Why Columbus Day Should Not Be Celebrated

“In 1492, Columbus sailed the blue ocean.” This phrase has long been how students were introduced to Christopher Columbus in elementary school. Students are taught that Columbus was the one who discovered America, crossing the Atlantic on his three ships: La Niña, La Pinta, and La Santa María. There’s even a holiday in honor of the Genoese explorer celebrated in October. In the United States, this day bears his name. In Latin America, Columbus Day is celebrated, commonly known as “Día de la Raza,” also in honor of him.

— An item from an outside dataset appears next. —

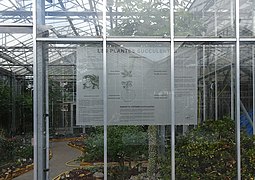 Serre des plantes succulentes du Jardin botanique de Tourcoing.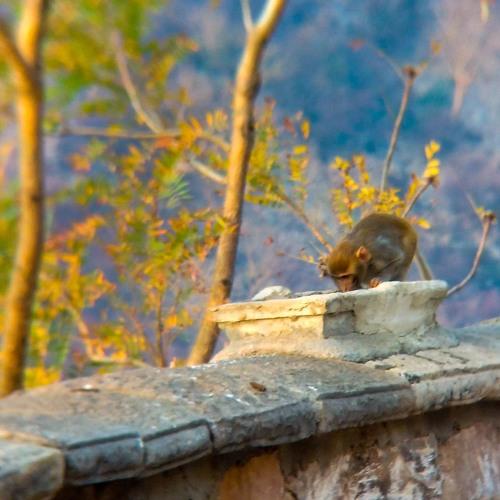 Photo #3990984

This celebration has always been organized in our country, and across Latin America, to highlight the role of the conqueror and colonizer as if before the “discovery” there had only been an era that should be erased and forgotten, or territory without inhabitants,  nature without an owner.

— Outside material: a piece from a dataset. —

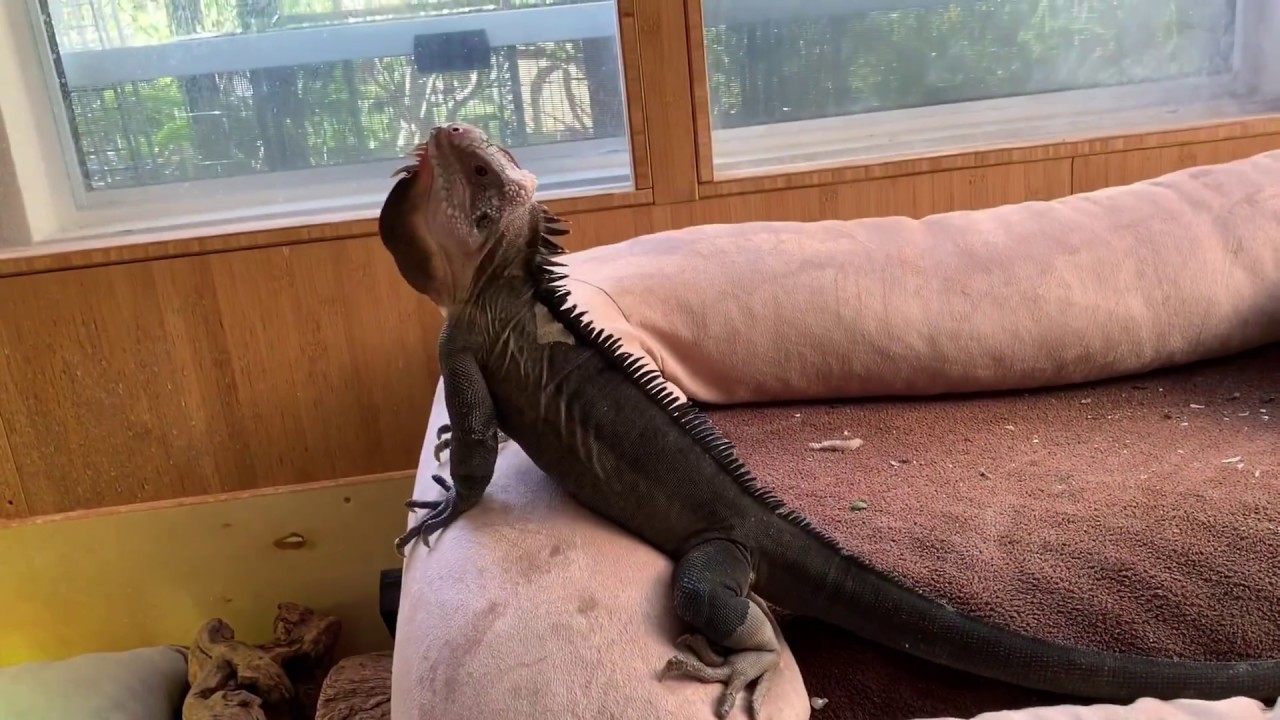Just another Bobbing Video of Don Juan, Iguana Delicatissima, Lesser Antillean iguana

So, why is Columbus Day a problem?

To take the meaning of Columbus for indigenous people and their full humanity seriously, we need to renounce the holiday to begin with. There is more to this than the obvious fact that a great diversity of people existed in America when Columbus planted his banner in 1492. There is also the message that Columbus Day sends to all of us: that indigenous people, then and now, are irrelevant, and they weren’t important until Columbus, a white colonizer, arrived in America.

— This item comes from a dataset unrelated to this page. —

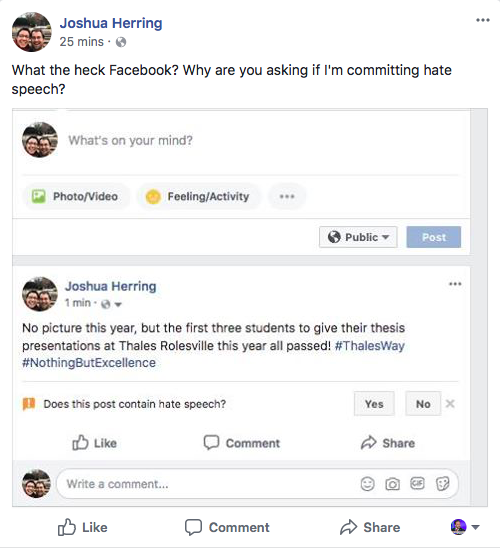 Click to enlarge facebook hate speech initiative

Since Latin America makes up all the nations that lost their identity in 1492, there’s been an emerging problem with our people knowing themselves and identifying as something concrete. Latin America is currently suffering a profound identity crisis, resulting from a historical constant: been “an echo of the foreign.” Now the problem is aggravated because, as a result of the overwhelming influence of the collective media, the uncritical imitation of the foreign puts our cultural heritage at risk more and more since we are forced to renounce the triple Afro-Caribbean, Indo-American, and Spanish roots. 

Why is it important to recognize and accept multicultural heritage? Cultural identity is defined as the group of values, traditions, and beliefs that coexist within a social group, and this set of beliefs can act as the feeling of belonging of an individual in said community. A sense of belonging that lasts in the collective ideology will always remain in the memory even not living in the municipality.

Recognition and respect for the different cultures that make up a nation must reflect in the classroom. Far from being a source of dissolution, an education that includes all ethnic and cultural components is necessary for the health of culture, social stability, and the nation’s economic future. Because of this, October 12th should serve us as an opportunity to celebrate us finally making progress in recognizing just how many ethnicities make up our nation.